JPMorgan Chase Bank, N.A. v. AIG Baker Orange Beach Wharf, L.L.C.
ORDER re: 25 Motion for Approval of Sale of Receivership Property by Gregory T. Maloney, Receiver. Court approves the sale of the receivership property as set out. Receiver is authorized to immediately take all actions necessary to effectuate & c lose under the Purchase and Sale Agreement. Dft AIG Baker Orange Beach Wharf, LLC, is found to be a third party beneficiary, w/all attendant rights thereto, as set out. All duties of the Receiver are terminated upon the closing of the Contract of Sale, except that the Receiver will have limited power through & including 1/6/12 as set out. Receiver shall prepare a final reporting to be filed by 1/6/12. Signed by Judge Callie V. S. Granade on 9/22/2011. (tot)
IN THE UNITED STATES DISTRICT COURT
FOR THE SOUTHERN DISTRICT OF ALABAMA
JP MORGAN CHASE BANK, N.A.,
AIG BAKER ORANGE BEACH
Civil Action No. 11-00126-CG-M
FINAL ORDER APPROVING SALE OF RECEIVERSHIP PROPERTY
On September 22, 2011, Receiver Gregory T. Maloney, solely in his
capacity as Receiver for the property of AIG Baker Orange Beach Wharf,
L.L.C. (“the Receiver”), filed a motion requesting that the Court approve the
Receiver’s private sale of the defendant’s property commonly known as the
retail portion of the Wharf (“the Property”). Plaintiff and defendant are in
agreement with the motion.
Having considered the Receiver’s motion, as well as previous pleadings
filed by the parties, and consistent with the court’s order dated April 11,
2011, the court finds that it is in the best interests of the receivership estate
to approve the proposed sale. Accordingly,
IT IS HEREBY ORDERED that the court approves the sale of the
receivership property to Charter Landing, Inc. for the price of $10,500,000,
pursuant to the terms of the purchase and sale agreement entered into
between the Receiver and Charter Landing, Inc., effective September 13,
2011 (“the Purchase and Sale Agreement”). It is further ORDERED that the
Receiver is authorized immediately to take all actions necessary to effectuate
and close under the Purchase and Sale Agreement.

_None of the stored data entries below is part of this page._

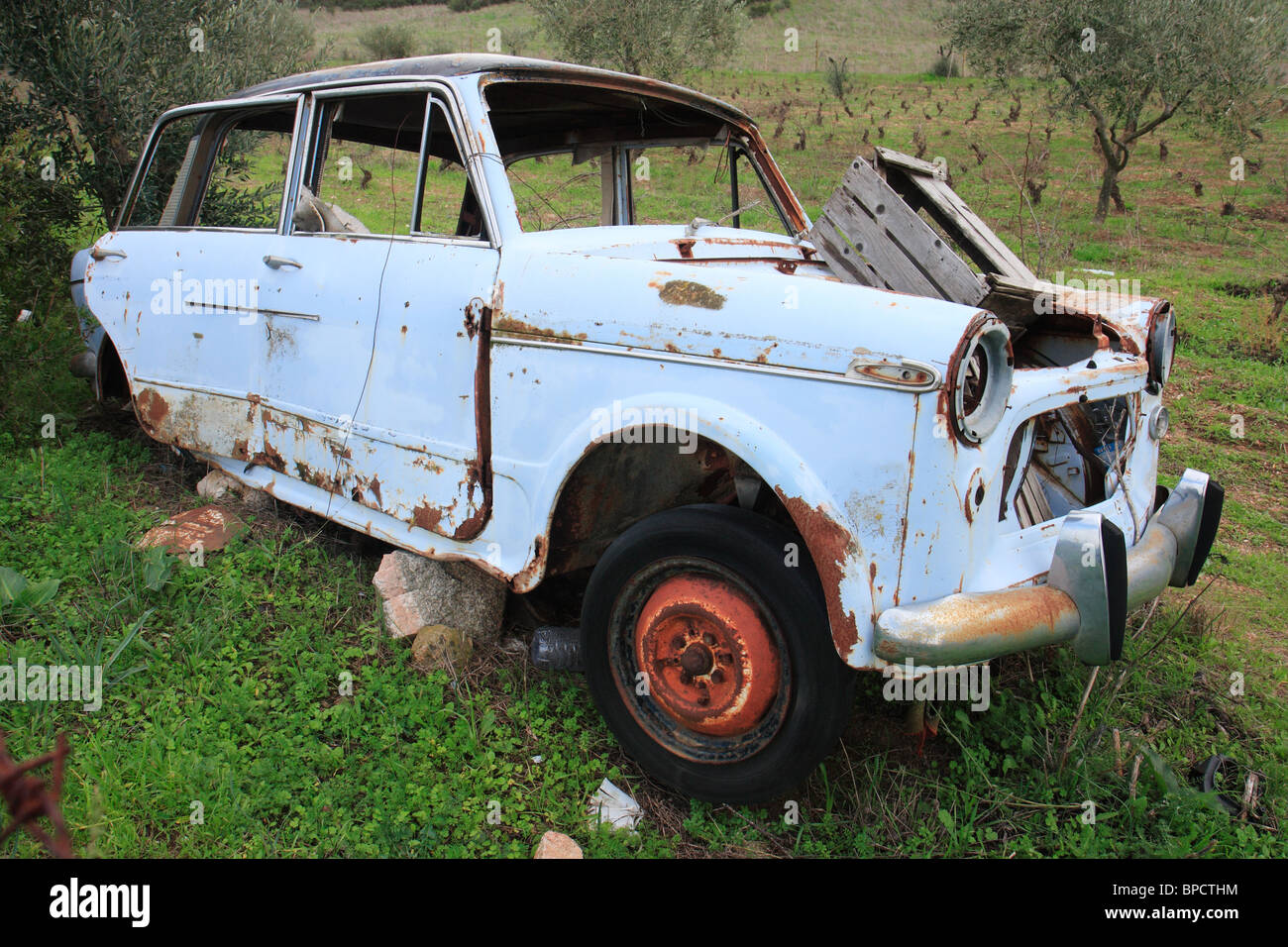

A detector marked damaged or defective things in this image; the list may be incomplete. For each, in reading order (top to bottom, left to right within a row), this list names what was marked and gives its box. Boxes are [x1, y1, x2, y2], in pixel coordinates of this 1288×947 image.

rusty roof edge [231, 53, 752, 124]
rust patch [659, 279, 721, 313]
abandoned car [72, 54, 1226, 803]
rusty orange wheel rim [628, 569, 778, 742]
rust patch [773, 489, 855, 659]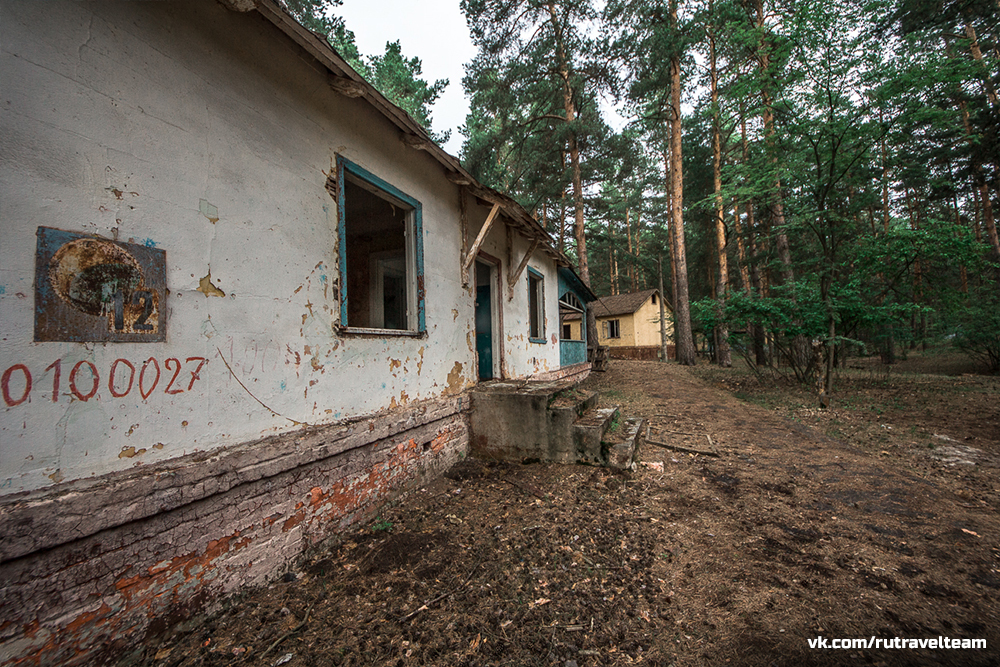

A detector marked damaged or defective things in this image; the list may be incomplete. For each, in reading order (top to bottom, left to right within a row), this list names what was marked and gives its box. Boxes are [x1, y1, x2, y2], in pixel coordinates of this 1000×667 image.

rusty metal plaque [35, 230, 167, 344]
peeling plaster wall [0, 1, 500, 496]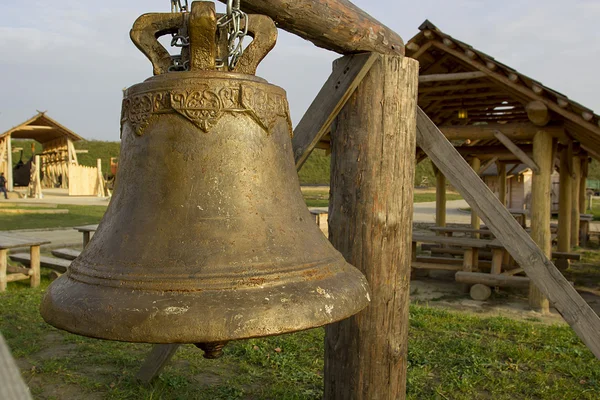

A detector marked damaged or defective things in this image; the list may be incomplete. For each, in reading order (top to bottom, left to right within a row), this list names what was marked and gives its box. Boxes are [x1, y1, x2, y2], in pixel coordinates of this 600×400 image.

rusted patina on bell [39, 0, 370, 346]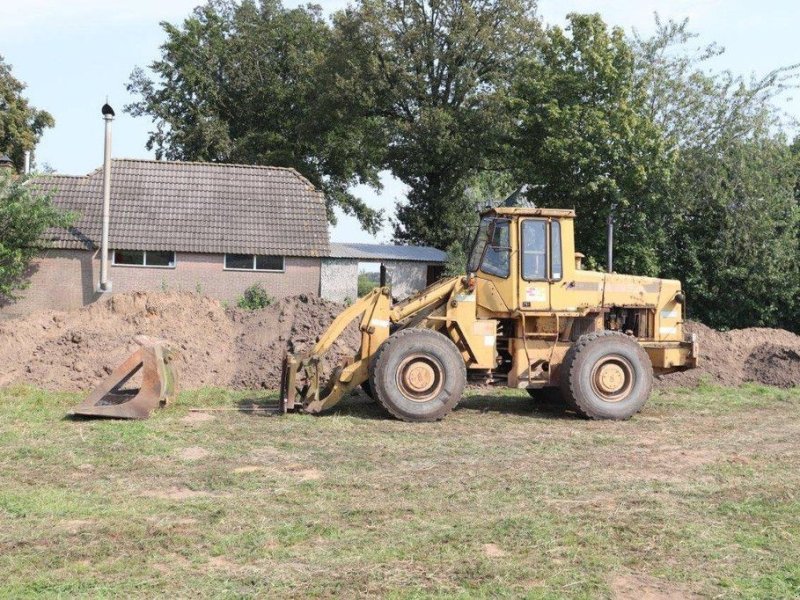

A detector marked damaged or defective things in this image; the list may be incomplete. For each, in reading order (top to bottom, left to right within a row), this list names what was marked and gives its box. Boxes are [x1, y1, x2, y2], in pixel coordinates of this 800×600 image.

rusty bucket on ground [69, 336, 178, 420]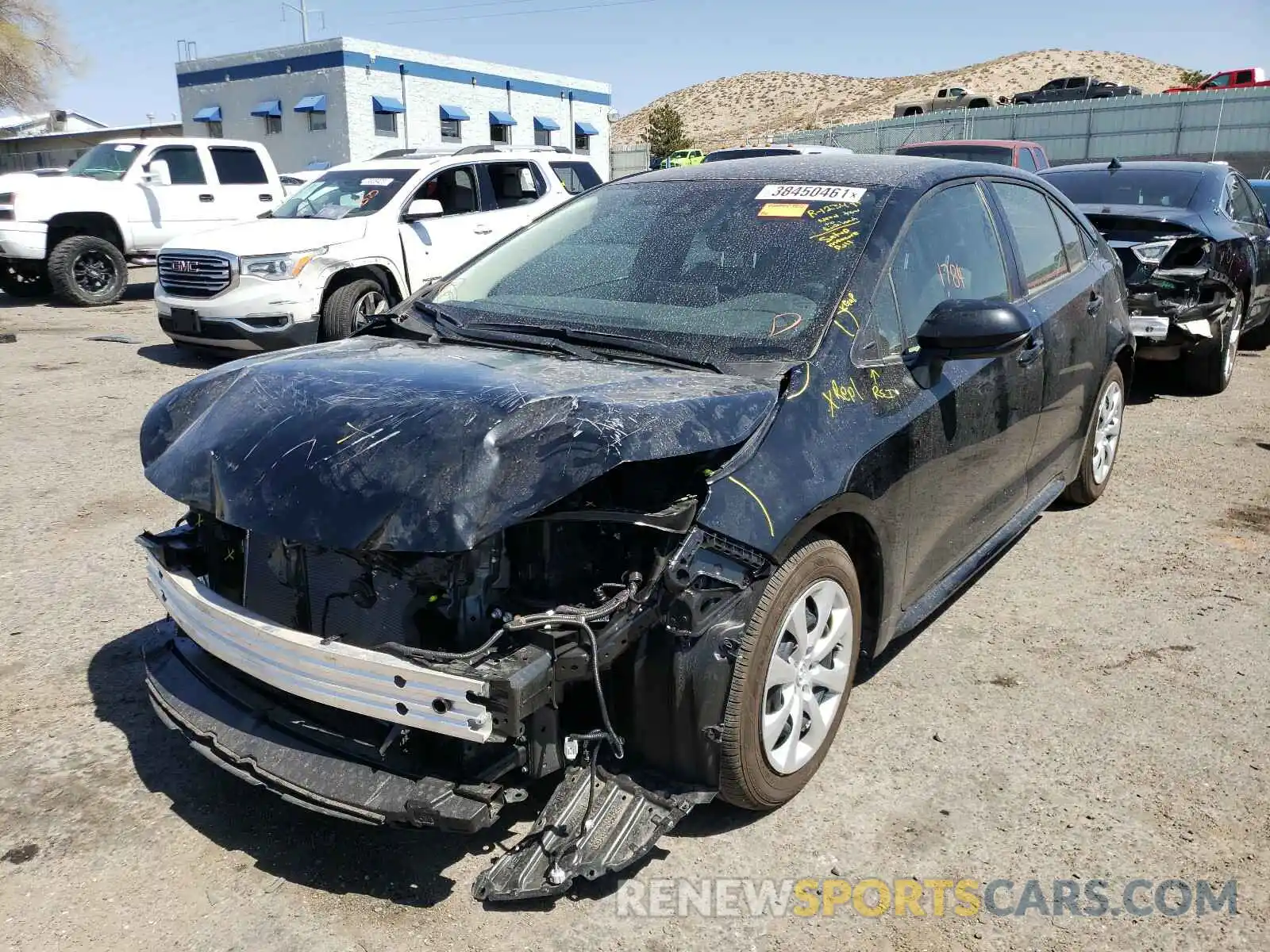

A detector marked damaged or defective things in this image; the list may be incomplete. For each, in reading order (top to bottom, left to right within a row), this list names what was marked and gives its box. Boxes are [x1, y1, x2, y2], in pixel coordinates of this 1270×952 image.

crumpled hood [157, 217, 367, 257]
damaged black sedan [1041, 162, 1270, 392]
damaged black suv [1041, 162, 1270, 392]
crumpled hood [137, 340, 775, 549]
damaged black suv [137, 156, 1130, 901]
damaged black sedan [137, 156, 1130, 901]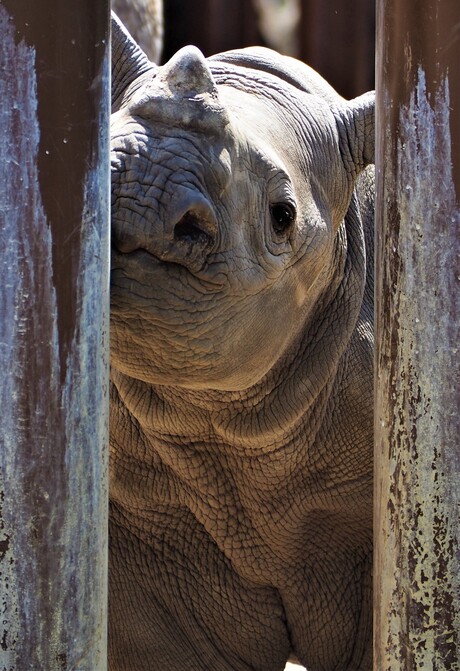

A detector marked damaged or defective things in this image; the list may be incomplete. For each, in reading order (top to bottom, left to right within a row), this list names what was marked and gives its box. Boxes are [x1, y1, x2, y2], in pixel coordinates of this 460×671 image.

peeling paint [0, 6, 108, 671]
peeling paint [376, 68, 458, 671]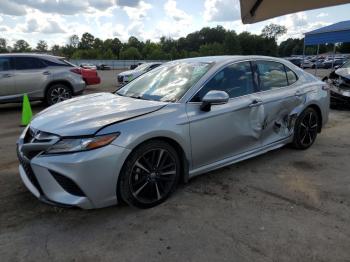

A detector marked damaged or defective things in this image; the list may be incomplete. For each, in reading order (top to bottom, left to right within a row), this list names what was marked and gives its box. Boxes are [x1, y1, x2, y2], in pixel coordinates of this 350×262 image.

damaged sedan [15, 56, 328, 210]
damaged sedan [322, 59, 350, 107]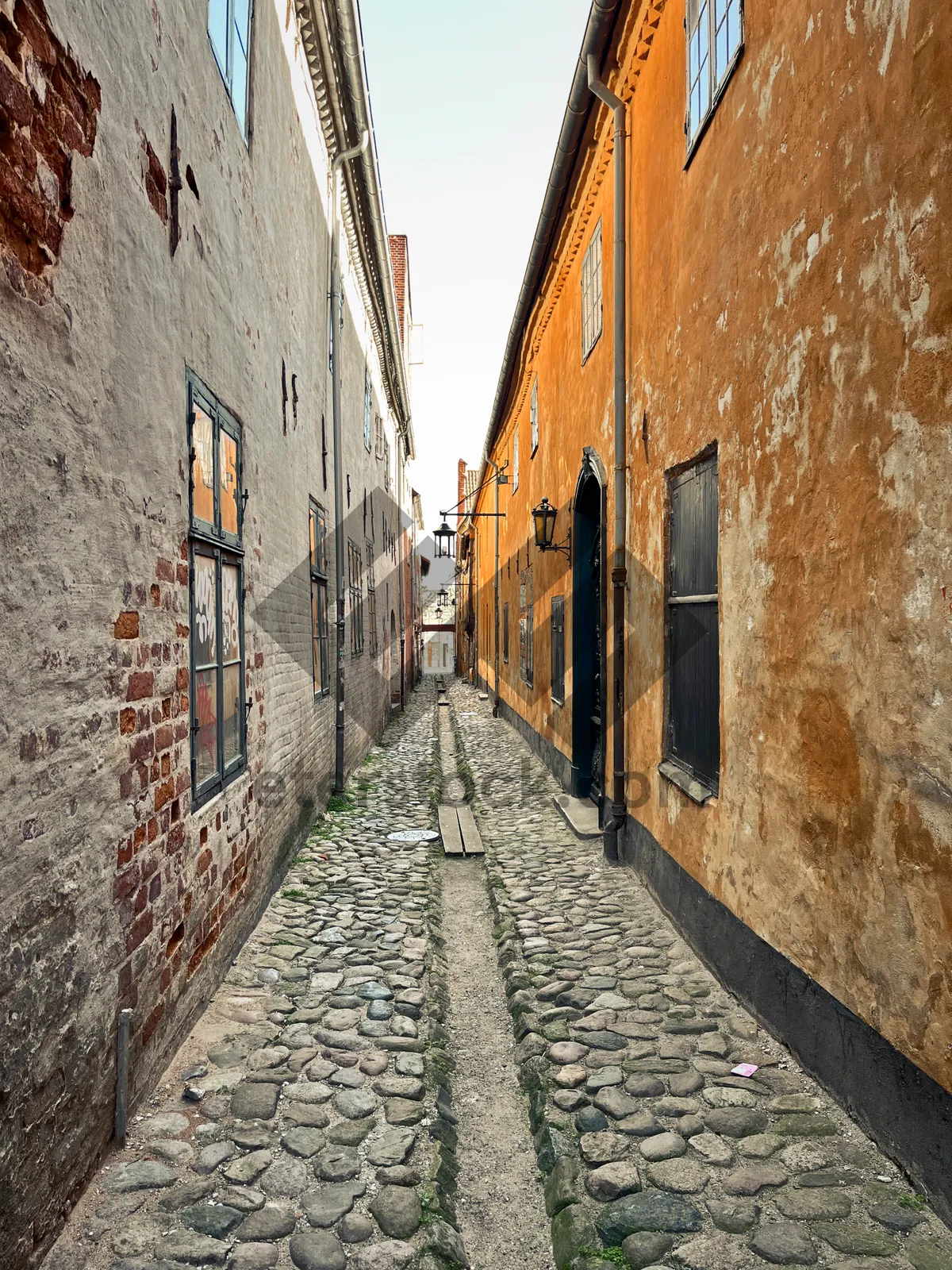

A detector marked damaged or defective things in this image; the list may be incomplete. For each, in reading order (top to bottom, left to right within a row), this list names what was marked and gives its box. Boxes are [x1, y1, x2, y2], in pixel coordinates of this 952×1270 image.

rusted drainpipe [332, 129, 368, 794]
rusted drainpipe [587, 52, 625, 864]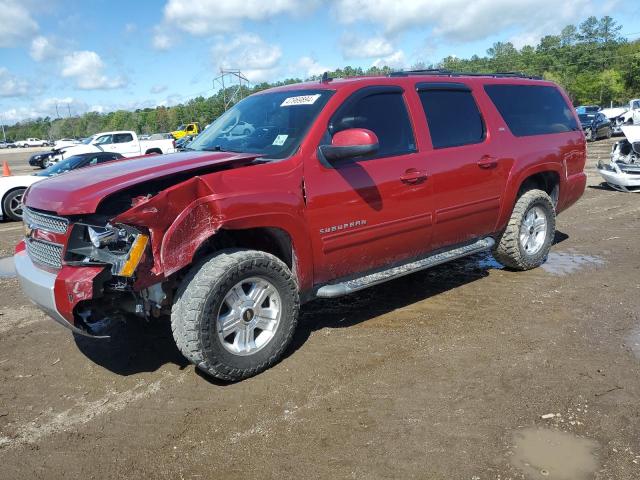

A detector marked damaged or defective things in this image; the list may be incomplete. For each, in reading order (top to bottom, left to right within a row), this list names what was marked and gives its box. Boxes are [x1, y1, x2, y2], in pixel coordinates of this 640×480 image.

dented hood [25, 150, 260, 214]
damaged white vehicle [596, 125, 640, 193]
damaged front end [596, 125, 640, 193]
crushed front bumper [14, 248, 107, 338]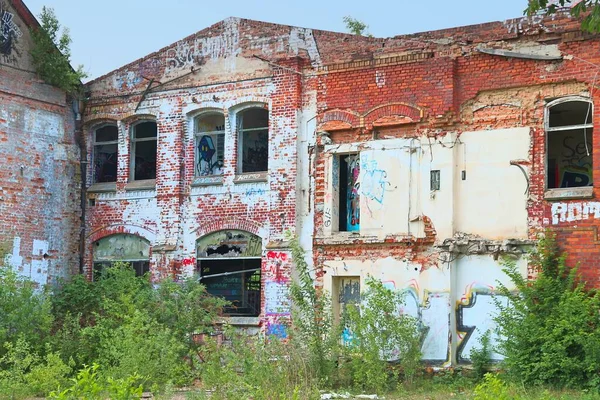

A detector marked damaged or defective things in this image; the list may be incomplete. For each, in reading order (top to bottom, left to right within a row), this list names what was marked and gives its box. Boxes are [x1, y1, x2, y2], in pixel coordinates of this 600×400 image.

broken window [92, 124, 118, 184]
broken window [132, 120, 158, 180]
broken window [195, 112, 225, 175]
broken window [238, 108, 268, 173]
broken window [548, 99, 592, 188]
broken window [340, 155, 358, 233]
broken window [94, 233, 151, 280]
broken window [197, 230, 262, 318]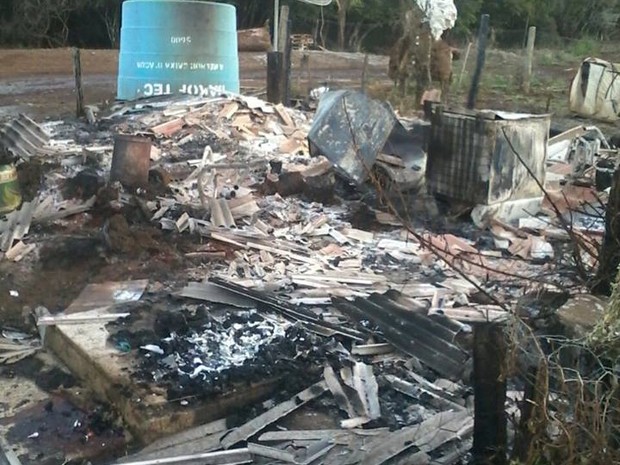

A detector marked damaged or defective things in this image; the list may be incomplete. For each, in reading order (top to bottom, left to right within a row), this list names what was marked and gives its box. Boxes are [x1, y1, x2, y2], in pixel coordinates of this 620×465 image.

charred fence post [468, 14, 492, 109]
rusty metal barrel [109, 133, 152, 188]
charred wood debris [0, 88, 612, 464]
burned wooden plank [222, 380, 330, 450]
charred fence post [472, 322, 506, 464]
burnt beam [472, 322, 506, 464]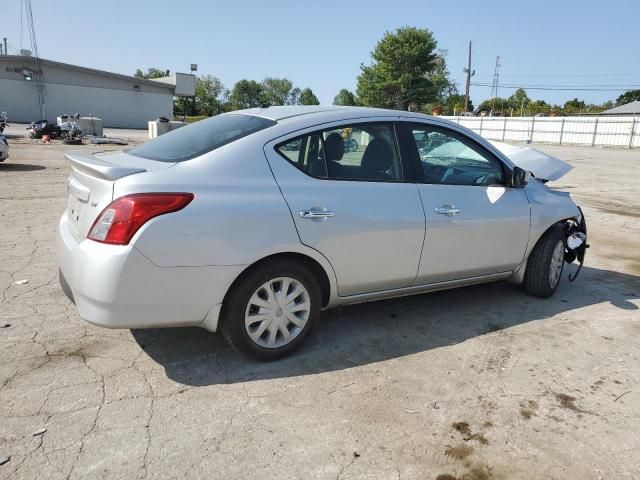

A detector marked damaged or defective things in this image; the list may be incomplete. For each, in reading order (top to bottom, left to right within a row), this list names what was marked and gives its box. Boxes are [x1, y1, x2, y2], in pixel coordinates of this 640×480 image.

front-end collision damage [564, 206, 592, 282]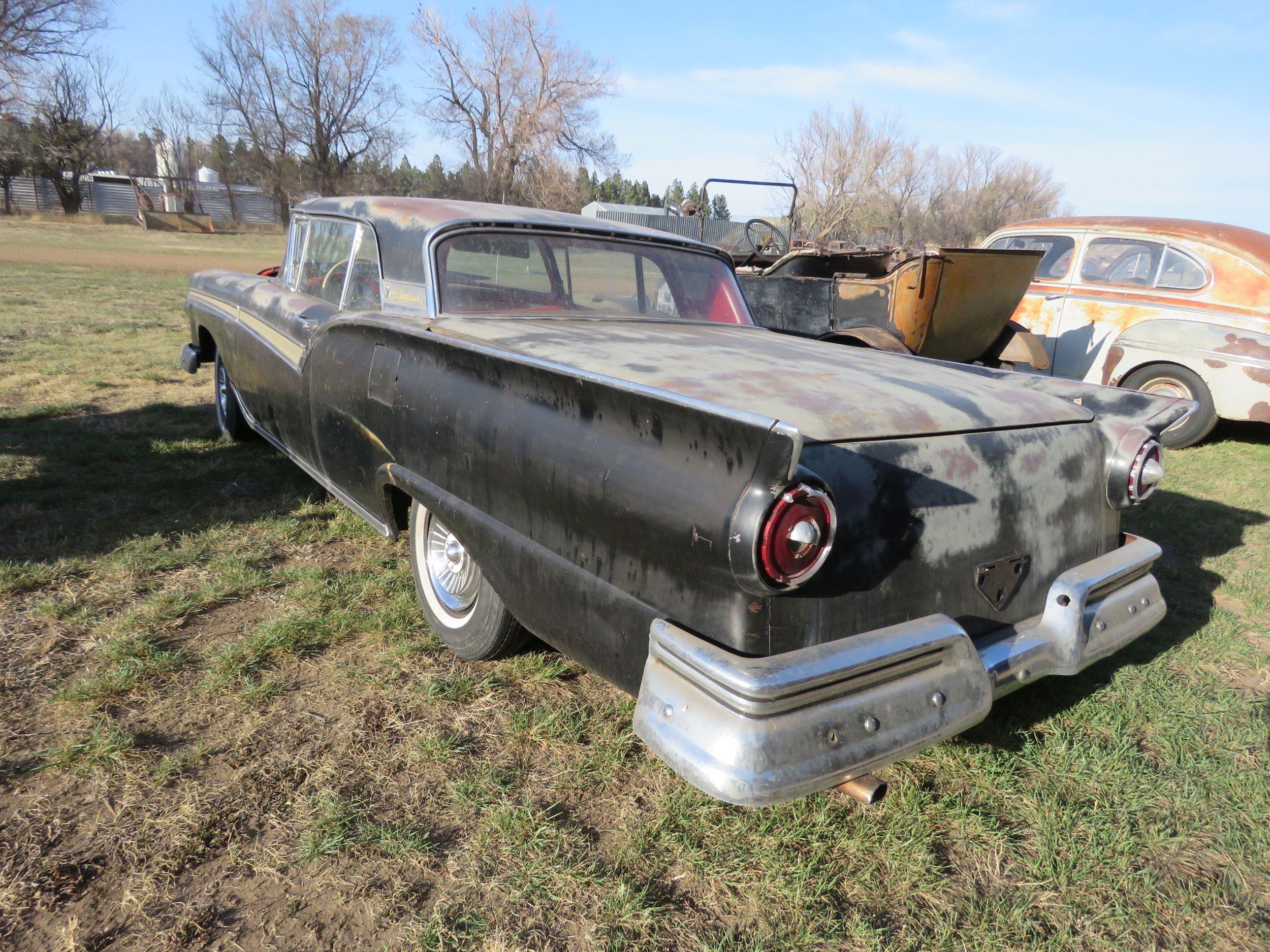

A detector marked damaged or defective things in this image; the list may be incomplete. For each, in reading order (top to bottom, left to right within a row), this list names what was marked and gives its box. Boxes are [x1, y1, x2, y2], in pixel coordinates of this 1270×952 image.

rust spot [1097, 345, 1122, 386]
rusted classic car [988, 217, 1268, 447]
rusted classic car [183, 197, 1195, 804]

In the event the Receiver shall be unavailable to execute documents in
connection with the sale approved hereby, the Receiver is authorized to
designate one or more individuals (“Designees”) employed by the Receiver’s
agent, Jones Lang LaSalle Americas, Inc., acting either separately or jointly,
to execute any and all agreements, deeds, instruments, or other documents
required in connection with the consummation of the subject sale or in
furtherance thereof. A duly executed and acknowledged designation by the
Receiver for such purposes shall be conclusive evidence of the due authority
of his Designees.
It is further found by the court, and so ordered, that the defendant AIG
Baker Orange Beach Wharf, LLC is a third party beneficiary, with all
attendant rights thereto, of certain provisions of the Purchase and Sale
Agreement intended for its benefit which are, specifically, Section 5.2(a)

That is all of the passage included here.